Wafa Telecom
- Native name: وفا تيليكوم
- Founded: 2017
- Defunct: December 2024
- Headquarters: Abd Al-Rahman Shahbander Street, Damascus
- Area served: Syria
- Key people: Ghassan Saba (CEO)
- Products: Mobile network operator, GSM, 3G, 4G / LTE, 5G
- Services: Telecommunications & Data
- Website: wafa-telecom.com/en/

= Wafa Telecom =

Third mobile operator in Syria

Wafa Telecom (وفا تيليكوم) was the third mobile operator in Syria. The other two being Syriatel and MTN Syria.

It was granted the exclusive rights to operate 5G in Syria.
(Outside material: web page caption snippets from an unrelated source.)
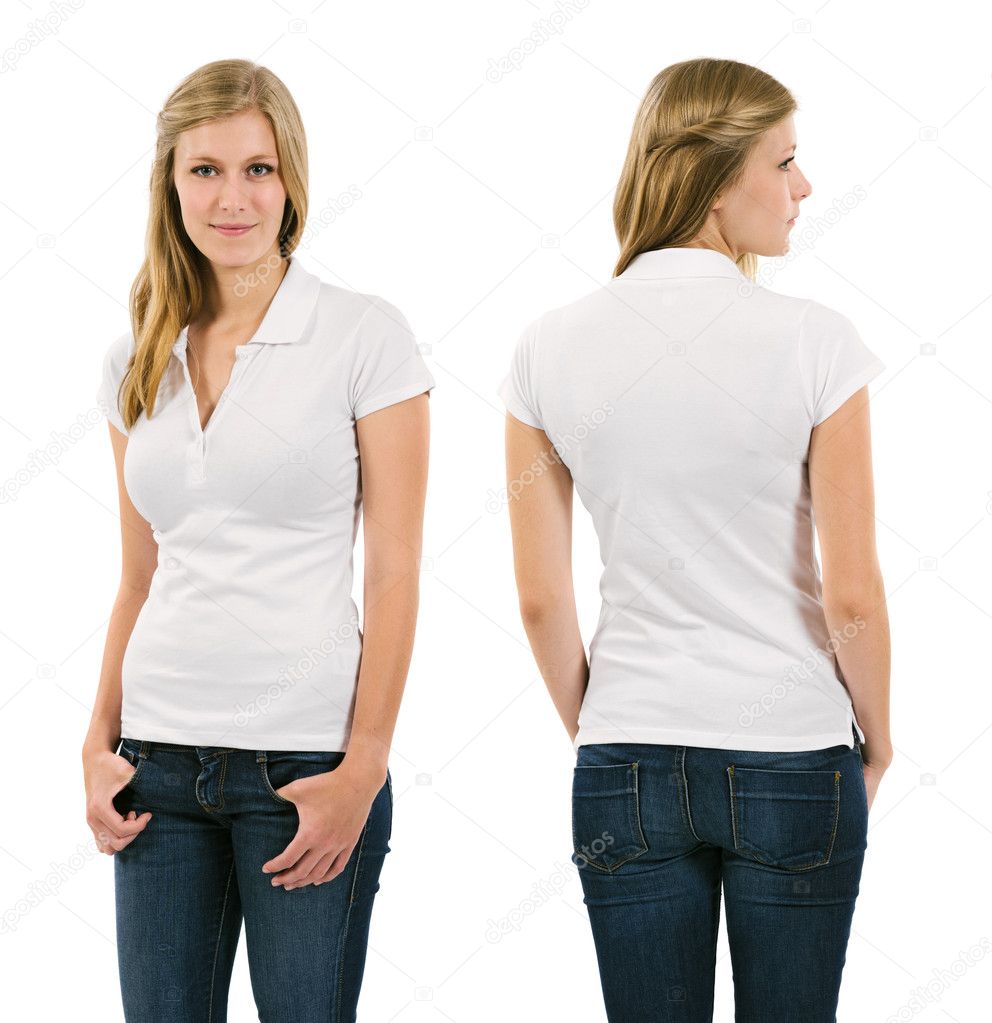 Young blond woman with blank white polo shirt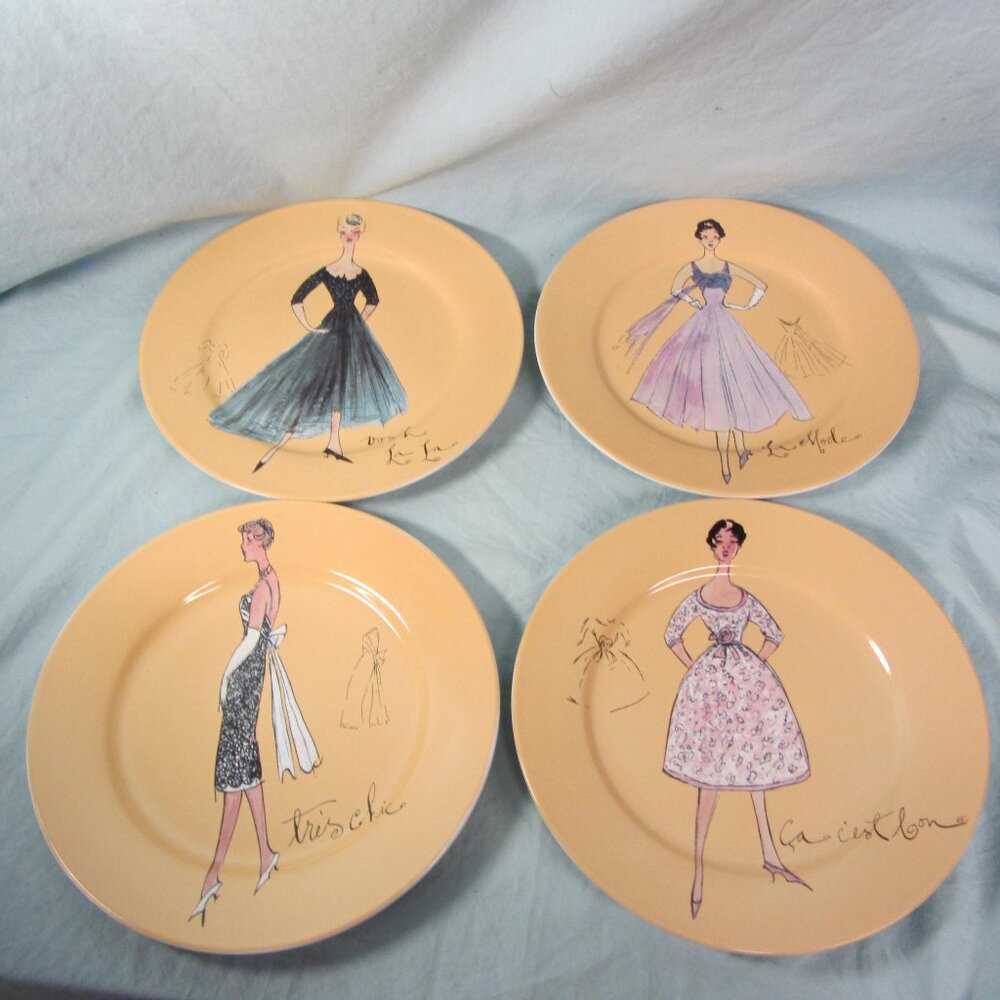 FOUR rosanna MCM fashion design plate la mode/la c'est bon/tres chic (w1422)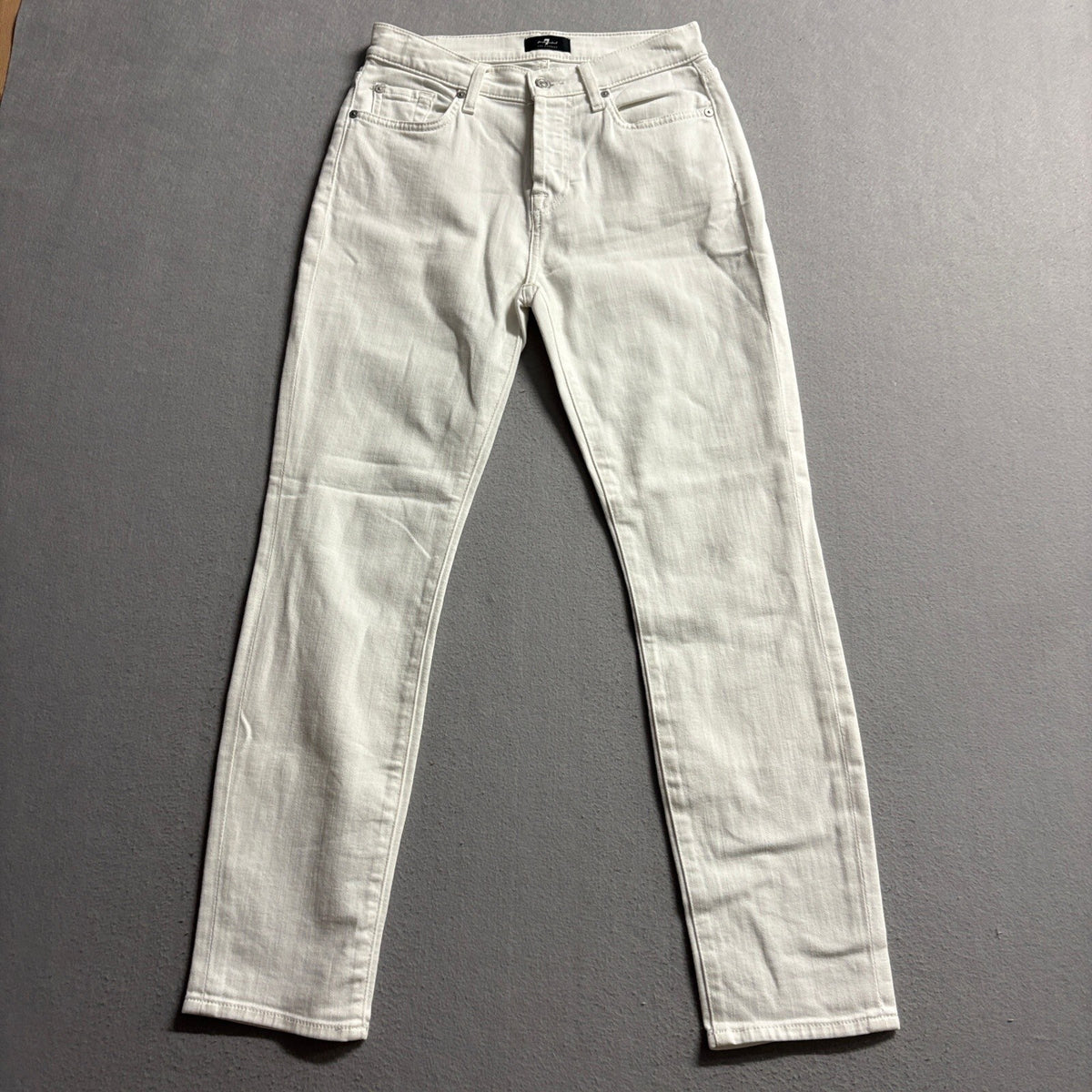 7 For All Mankind Josefina Boyfriend Jeans Womens Size 25 White Denim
They performed the first test of the technology in 2023. The company planned to build 750 radio stations by the start of 2023. They aimed to acquire 1.5 million users in three years and cover 80% of Syria in 5 years and 90% of it in 10 years.

Its ownership had links to Iran's Revolutionary Guard.

== History ==
Wafa was established in 2017. On February 21, 2022, Syria's telecommunications authority granted the company a mobile license. It is the third company in Syria to get that license.

In December 2024, the company closed after the fall of the Assad regime.

== Ownership ==
Two senior businessmen told Reuters that "Influential businessmen with close ties to government officials are key investors in the company". Other various local sources also reported that company is directly linked with the presidential palace.

=== Iranian links ===
An investigation between Organized Crime and Corruption Reporting Project (OOCRP) and the Observatory of Political and Economic Networks revealed a hidden link between the company and Iran Revolutionary Guard. Arabian Business Company (ABC), which owns 52% of Wafa Telecom, is itself owned by a Malaysian company called Tioman Golden Treasure. This Malaysian company is owned by Iranian Azim Monzavi which is sanctioned by the U.S which described him as "An IRGC official who facilitates oil sales".

While Iran has not officially acknowledged ownership of Wafa, it signed a contract for cooperation in communication (a mobile network operator) with Syria in 2017. The head of the joint commission for economic cooperation between Iran and Syria mentioned in 2023 that Iran is launching a mobile operator in Syria soon. But didn't confirm whether it is Wafa or another company.